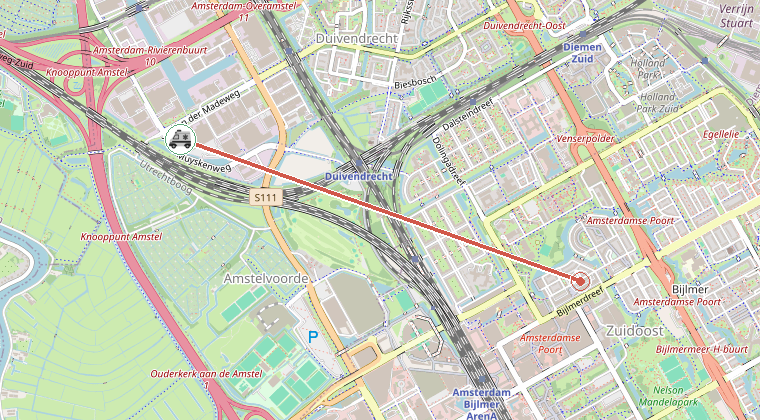 Kaart van de omgeving van de melding, met de kazerne die is gealarmeerd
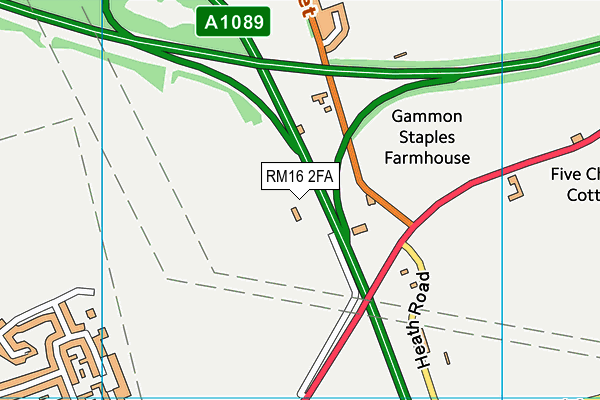 RM16 2FA map - OS VectorMap District (Ordnance Survey)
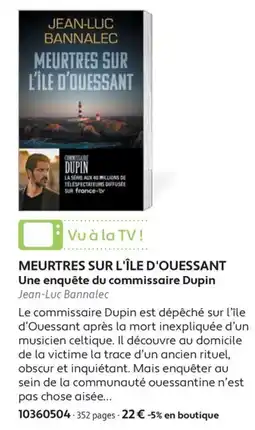 France Loisirs Jean-Luc Bannalec Meurtres sur l'île d'Ouessant offre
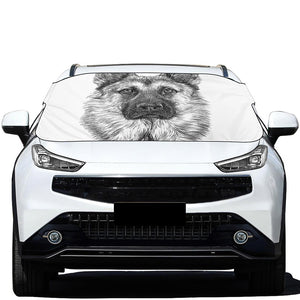 Black And White German Shepherd Print Car Windshield Snow Cover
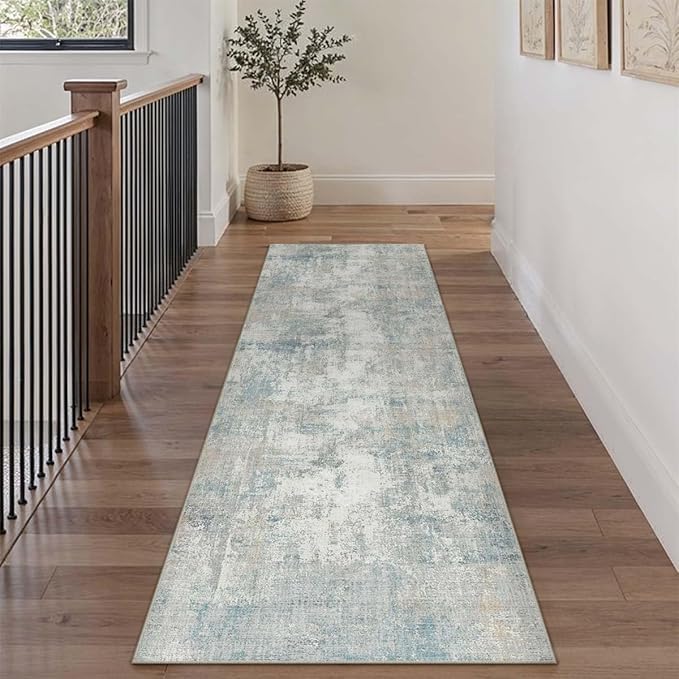3x12 Washable Runner Rug Blue Cream Abstract Hallway Kitchen Throw Rug Neutral Modern Non Slip Soft Low Pile Lightweight Carpet for Bathroom Laundry Bedroom Living Room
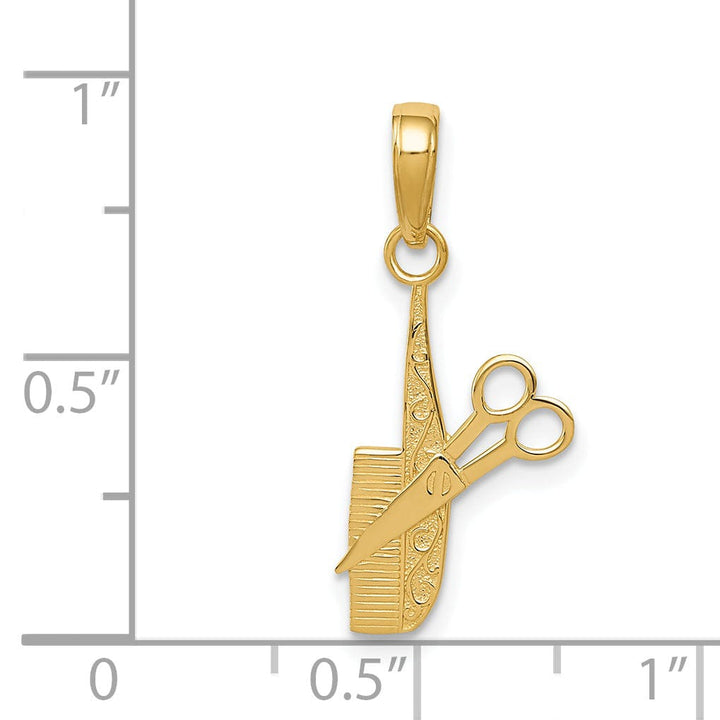 Lovely Rita's Pendants & Charms 14k Yellow Gold Solid Comb and Scissors Charm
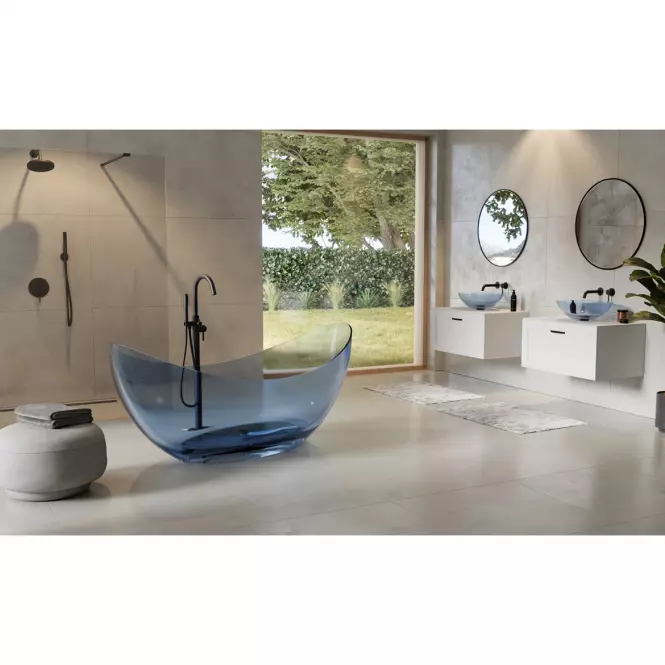 Voľne stojaca vaňa Axya 180/80 Blue Wave sifón klik-klak chróm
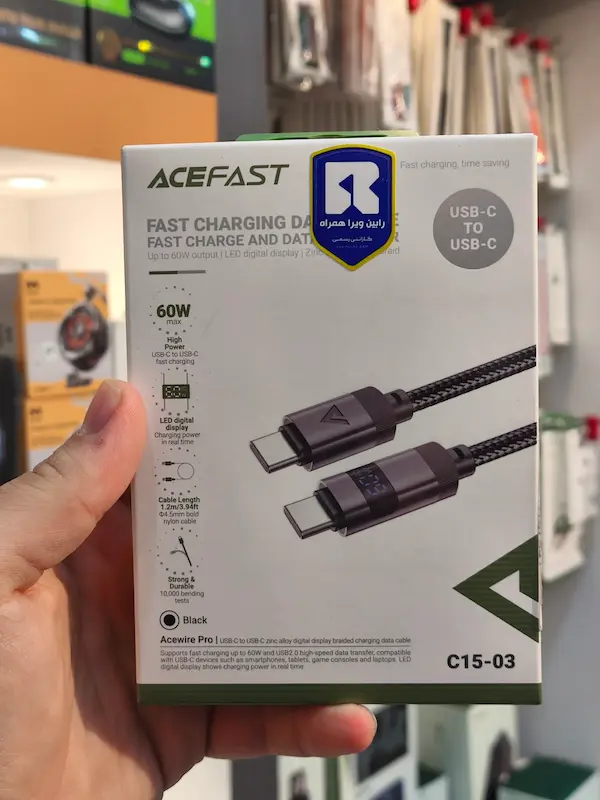 کابل Type-C به Type-C ایس فست ACEFAST C15-03 طول 1.2 متر توان 60 وات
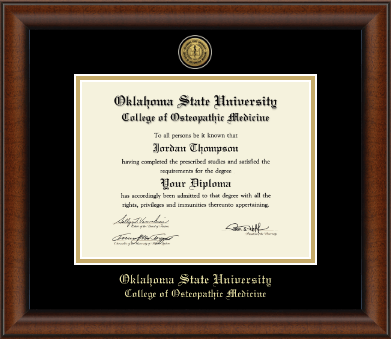 Oklahoma State University College of Osteopathic Medicine diploma frame - Gold Engraved Medallion Diploma Frame in Austin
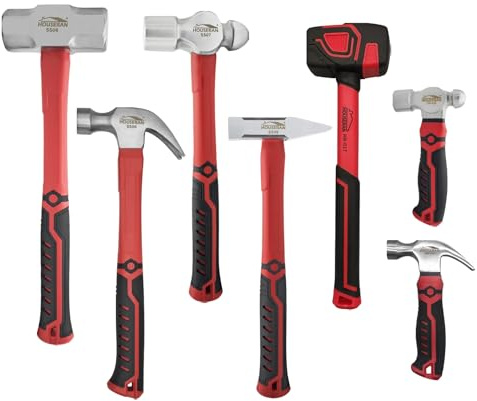 HOUSERAN 7-Pieces Hammer Set, 16 oz Claw Hammer, 12oz Claw Hammer, 13oz Ball Peen Hammer, 2 Lb Ball Peen Hammer, 3 Lb Sledge Hammer, Engineer Hammer, 10oz Rubber Mallet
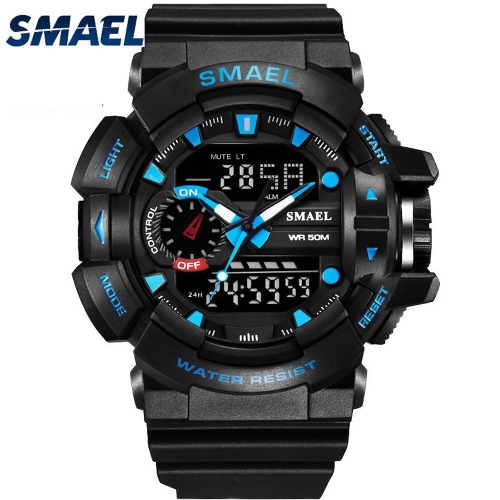 Men's Stylish Sports Multi-function Electronic Waterproof Watch Dual Display Wristwatches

::::

> Required action: Up to and including the line with "کابل Type-C به", repeat every line from the top of the entries exactly, but not the pictures.

> Completed task:
 Kaart van de omgeving van de melding, met de kazerne die is gealarmeerd
 RM16 2FA map - OS VectorMap District (Ordnance Survey)
 France Loisirs Jean-Luc Bannalec Meurtres sur l'île d'Ouessant offre
 Black And White German Shepherd Print Car Windshield Snow Cover
3x12 Washable Runner Rug Blue Cream Abstract Hallway Kitchen Throw Rug Neutral Modern Non Slip Soft Low Pile Lightweight Carpet for Bathroom Laundry Bedroom Living Room
 Lovely Rita's Pendants & Charms 14k Yellow Gold Solid Comb and Scissors Charm
 Voľne stojaca vaňa Axya 180/80 Blue Wave sifón klik-klak chróm
 کابل Type-C به Type-C ایس فست ACEFAST C15-03 طول 1.2 متر توان 60 وات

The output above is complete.